Sixty years ago, the state of Arkansas became embroiled in a tense political, social, and legal battle as a result of school integration attempts.  On August 26, 1958, a special session of the Arkansas General Assembly passed a slew of legislation in response to attempts to desegregate Arkansas public schools.  Among the sixteen bills was Act 10 which required state paid educators to make public their affiliations with political groups for the previous five years.  The purported goals were to expose subversives such as communists and communist sympathizers, but another reason for this was to reveal state employees who were members of the National Association for the Advancement of Colored People (NAACP).  Another act, Act 115, was passed in the same special session which outlawed state employees from being NAACP members.

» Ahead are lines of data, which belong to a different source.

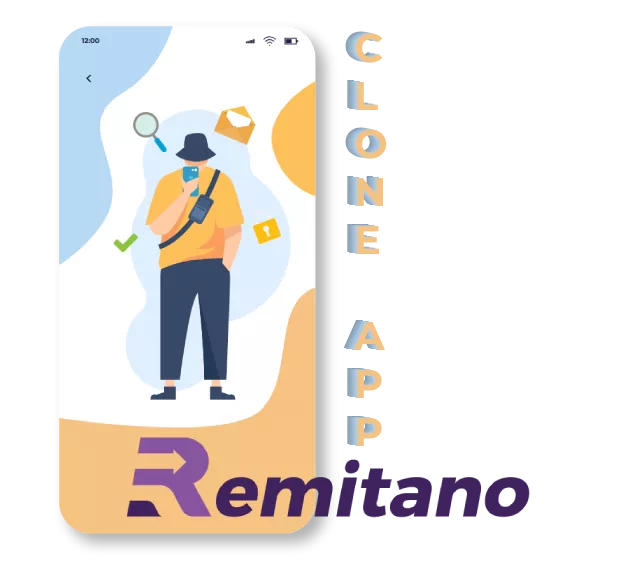 Remitano Clone App Development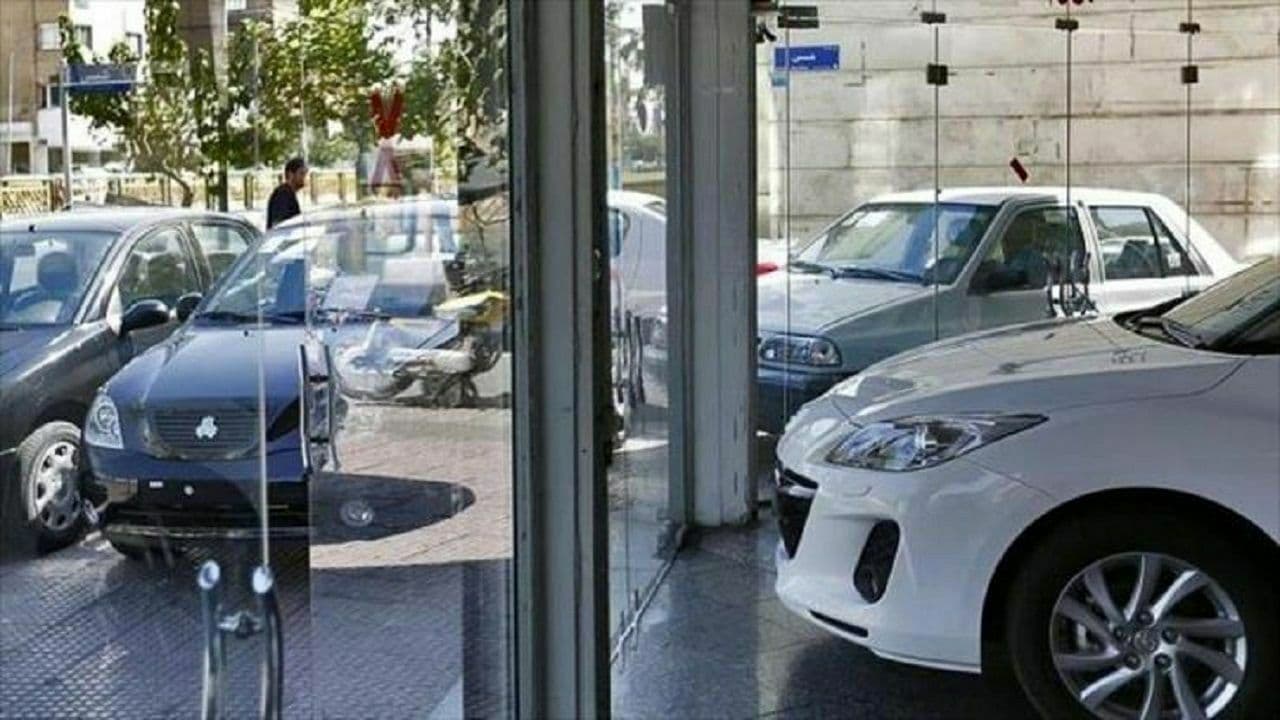 بازگشت خریداران خودرو به بازار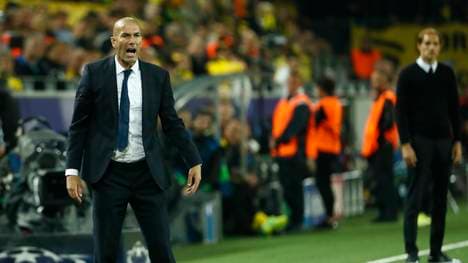 FBL-EUR-C1-DORTMUND-REAL-MADRID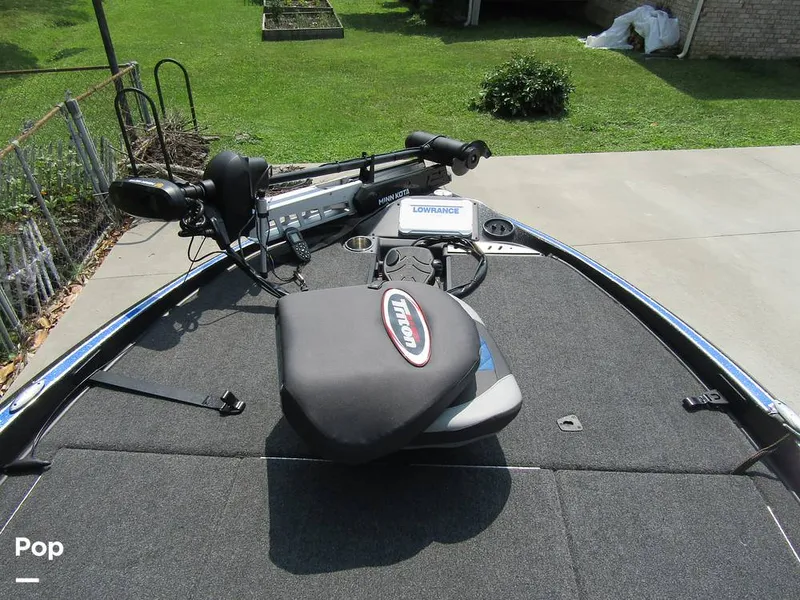 Slide: The Image of Triton TRX 20 Patriot 2020 - 12665150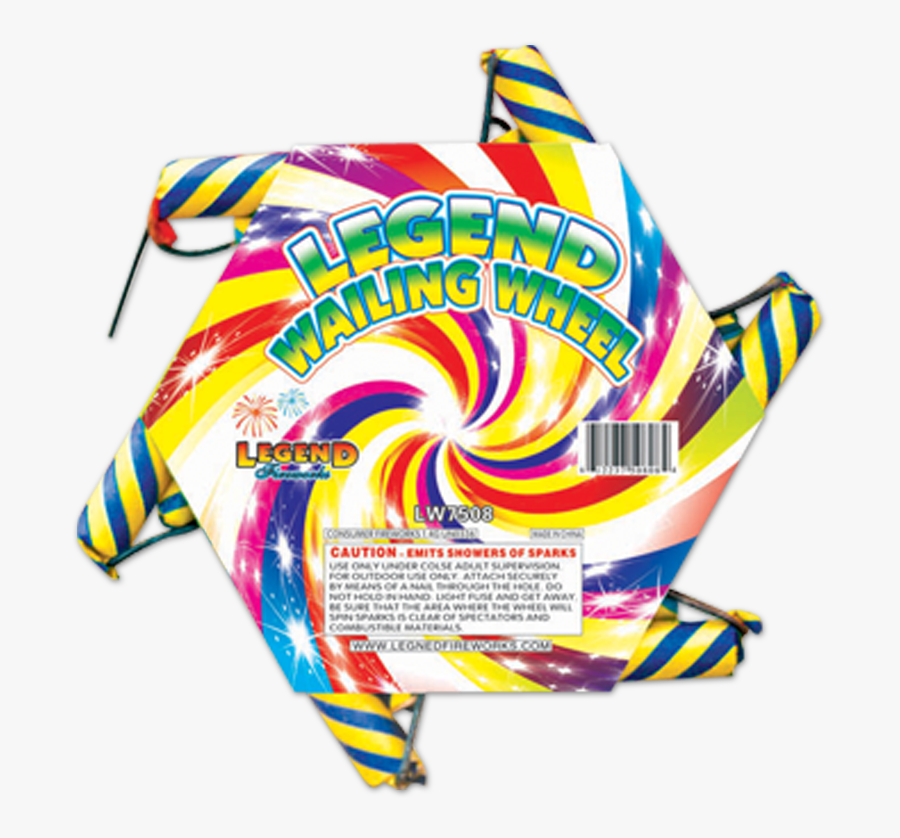 Keystone Fireworks Wheel - Graphic Design, Transparent Clipart
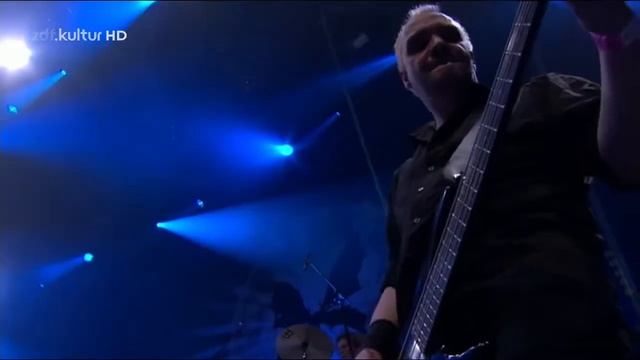 ASP - Schwarzes Blut [Live@Wacken 2013] HD смотреть онлайн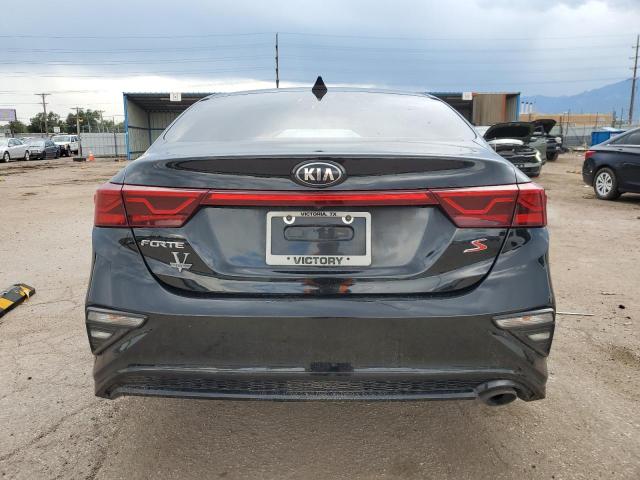 2019 KIA FORTE GT L - 3KPF34AD5KE049716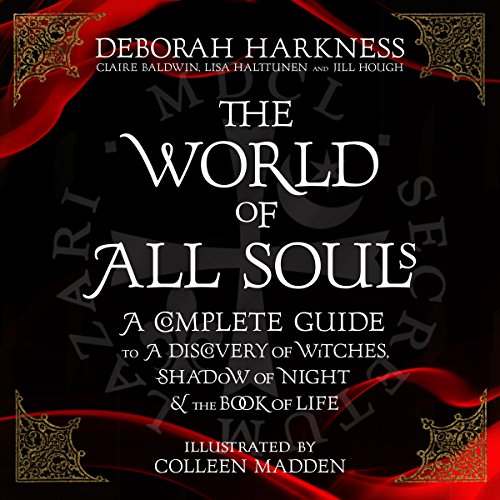 Cover of The World of All Souls
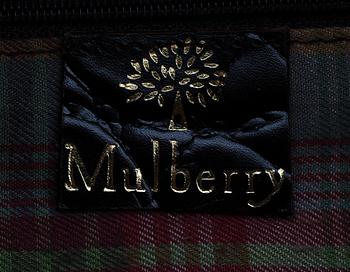 VÄSKA, Mulberry.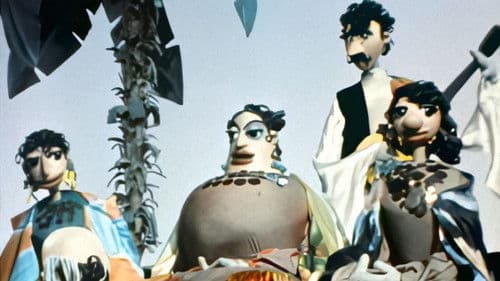 Необыкновенный концерт Bild 1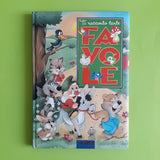 Ti racconto tante favole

A petition signed by over 1,000 students supporting the faculty.

The act was resisted by Little Rock teachers, notably B. T. Shelton and J. O. Powell, and several members of the University of Arkansas faculty and administration, including Max Carr and Guerdon Nichols.  Shelton, Powell, and Carr would be the plaintiffs in ensuing court challenges of the act with support from the NAACP and the American Association of University Professors (AAUP), a nonprofit group dedicated to academic freedom.  Many faculty members filed affidavits with vocal protest, others stepped down instead of signing, while a handful (including Carr) refused to sign and were fired as a result.  A rally was held by the student body on April 29, 1959 where over a thousand students signed a petition supporting the faculty in their resistance to the act.

Photo taken through a closed door of students debating a strike to protest the act.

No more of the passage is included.